Unless you're writing something that you know will have thousands of sizable objects just put the list on the stack. Unless you're using giant C-style arrays in a function the chances are the memory used by the list will end up in the heap anyway due to #1 and #2 above.
You're better off storing a list, if it can grow, on the heap. Since you never know what the runtime stack will be, overflow is a real danger, and the consequences are fatal.
If you absolutely know the upper bound of the list, and it's small compared to the size of your stack, you can probably get away with stack allocating the list.
I work in environments where the stack can be small and heap fragmentation needs to be avoided, so I'd use these rules:
If the list is small and a known fixed size, stack.
If the list is small and an unknown fixed size, you can consider both the heap and alloca(). Using the heap would be a fine choice if you can guarantee that your function doesn't allocate anything on the heap during the duration your allocation is going to be on there. If you can't guarantee this, you're asking for a fragment and alloca() would be a better choice.
If the list is large or will need to grow, use the heap. If you can't guarantee it won't fragment, we tend to have some recourses for this built into our memory manager such as top-down allocations and separate heaps.
Most situations don't call for people to worry about fragmentation, in which case they'd probably not recommend the usage of alloca.
With respect to the class containing the list, if it's local to the function scope I would put it on the stack provided that the internal data structures are not extremely large.

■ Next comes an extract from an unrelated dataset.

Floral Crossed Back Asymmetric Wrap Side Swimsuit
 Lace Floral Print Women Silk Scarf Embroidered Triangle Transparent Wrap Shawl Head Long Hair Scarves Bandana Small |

What do you mean by "list". If it's std::list (or std::vector or any other STL container) then it's not going to be storing anything on the stack so don't worry.
If you're in any doubt, look at sizeof(A) and that tells you how much memory it will use when it's on the stack.
But ... the decision should mainly be based on the lifetime of the object. Stack-based objects are destroyed as soon as they go out of scope.
The stack is always simplest. Unfortunately it has one big drawback - you have to know the number of elements ahead of time.